-------- Supplied data

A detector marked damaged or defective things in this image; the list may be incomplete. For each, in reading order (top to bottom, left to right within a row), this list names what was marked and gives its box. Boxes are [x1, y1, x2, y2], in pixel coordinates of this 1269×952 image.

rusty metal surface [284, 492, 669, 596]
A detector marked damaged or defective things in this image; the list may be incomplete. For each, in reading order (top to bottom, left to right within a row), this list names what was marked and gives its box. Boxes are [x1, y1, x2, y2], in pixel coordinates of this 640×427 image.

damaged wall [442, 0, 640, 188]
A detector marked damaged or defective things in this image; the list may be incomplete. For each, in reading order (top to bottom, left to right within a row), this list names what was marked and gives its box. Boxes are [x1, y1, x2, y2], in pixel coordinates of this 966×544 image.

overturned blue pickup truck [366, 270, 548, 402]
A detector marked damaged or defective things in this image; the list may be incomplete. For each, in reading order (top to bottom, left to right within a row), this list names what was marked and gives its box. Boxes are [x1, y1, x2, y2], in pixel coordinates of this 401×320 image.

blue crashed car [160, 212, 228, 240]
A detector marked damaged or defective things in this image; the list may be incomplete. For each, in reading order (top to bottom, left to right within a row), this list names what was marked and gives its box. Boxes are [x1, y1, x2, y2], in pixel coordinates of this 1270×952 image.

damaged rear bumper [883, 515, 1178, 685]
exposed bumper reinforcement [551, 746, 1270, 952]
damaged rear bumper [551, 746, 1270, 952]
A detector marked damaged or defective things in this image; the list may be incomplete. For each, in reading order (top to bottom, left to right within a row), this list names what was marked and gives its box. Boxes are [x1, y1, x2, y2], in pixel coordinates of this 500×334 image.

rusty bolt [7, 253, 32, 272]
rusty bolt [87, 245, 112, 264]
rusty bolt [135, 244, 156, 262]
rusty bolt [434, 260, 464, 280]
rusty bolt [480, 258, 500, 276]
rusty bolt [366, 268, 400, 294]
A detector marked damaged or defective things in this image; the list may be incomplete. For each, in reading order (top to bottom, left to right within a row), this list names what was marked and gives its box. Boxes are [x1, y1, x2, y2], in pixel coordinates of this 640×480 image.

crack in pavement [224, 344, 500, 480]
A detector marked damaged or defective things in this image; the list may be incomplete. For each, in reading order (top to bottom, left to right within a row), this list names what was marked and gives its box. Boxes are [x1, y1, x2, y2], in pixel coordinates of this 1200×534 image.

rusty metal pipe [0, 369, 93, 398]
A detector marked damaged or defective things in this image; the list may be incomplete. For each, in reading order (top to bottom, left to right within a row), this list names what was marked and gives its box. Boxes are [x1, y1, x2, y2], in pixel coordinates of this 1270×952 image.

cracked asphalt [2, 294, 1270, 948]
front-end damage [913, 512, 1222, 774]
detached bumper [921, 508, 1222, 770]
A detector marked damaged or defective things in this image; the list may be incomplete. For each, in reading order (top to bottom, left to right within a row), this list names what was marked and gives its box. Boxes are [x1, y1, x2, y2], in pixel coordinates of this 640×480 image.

----------------

Directions
Provide an exact reproduction of all the entries shown above.

Response below
A detector marked damaged or defective things in this image; the list may be incomplete. For each, in reading order (top to bottom, left to right within a row), this list names what was marked and gives its box. Boxes are [x1, y1, x2, y2], in pixel coordinates of this 1269×952 image.

rusty metal surface [284, 492, 669, 596]
A detector marked damaged or defective things in this image; the list may be incomplete. For each, in reading order (top to bottom, left to right within a row), this list names what was marked and gives its box. Boxes are [x1, y1, x2, y2], in pixel coordinates of this 640×427 image.

damaged wall [442, 0, 640, 188]
A detector marked damaged or defective things in this image; the list may be incomplete. For each, in reading order (top to bottom, left to right within a row), this list names what was marked and gives its box. Boxes are [x1, y1, x2, y2], in pixel coordinates of this 966×544 image.

overturned blue pickup truck [366, 270, 548, 402]
A detector marked damaged or defective things in this image; the list may be incomplete. For each, in reading order (top to bottom, left to right within a row), this list names what was marked and gives its box. Boxes are [x1, y1, x2, y2], in pixel coordinates of this 401×320 image.

blue crashed car [160, 212, 228, 240]
A detector marked damaged or defective things in this image; the list may be incomplete. For each, in reading order (top to bottom, left to right within a row), this list names what was marked and gives its box. Boxes are [x1, y1, x2, y2], in pixel coordinates of this 1270×952 image.

damaged rear bumper [883, 515, 1178, 685]
exposed bumper reinforcement [551, 746, 1270, 952]
damaged rear bumper [551, 746, 1270, 952]
A detector marked damaged or defective things in this image; the list may be incomplete. For each, in reading order (top to bottom, left to right within a row), this list names what was marked and gives its box. Boxes are [x1, y1, x2, y2], in pixel coordinates of this 500×334 image.

rusty bolt [7, 253, 32, 272]
rusty bolt [87, 245, 112, 264]
rusty bolt [135, 244, 156, 262]
rusty bolt [434, 260, 464, 280]
rusty bolt [480, 258, 500, 276]
rusty bolt [366, 268, 400, 294]
A detector marked damaged or defective things in this image; the list may be incomplete. For each, in reading order (top to bottom, left to right within a row), this list names what was marked and gives its box. Boxes are [x1, y1, x2, y2], in pixel coordinates of this 640×480 image.

crack in pavement [224, 344, 500, 480]
A detector marked damaged or defective things in this image; the list may be incomplete. For each, in reading order (top to bottom, left to right within a row), this list names what was marked and gives its box. Boxes are [x1, y1, x2, y2], in pixel coordinates of this 1200×534 image.

rusty metal pipe [0, 369, 93, 398]
A detector marked damaged or defective things in this image; the list may be incomplete. For each, in reading order (top to bottom, left to right within a row), this list names what was marked and gives its box. Boxes are [x1, y1, x2, y2], in pixel coordinates of this 1270×952 image.

cracked asphalt [2, 294, 1270, 948]
front-end damage [913, 512, 1222, 774]
detached bumper [921, 508, 1222, 770]
A detector marked damaged or defective things in this image; the list may be incomplete. For each, in reading order (top to bottom, left to right within a row), this list names what was marked and gives its box. Boxes are [x1, y1, x2, y2], in pixel coordinates of this 640×480 image.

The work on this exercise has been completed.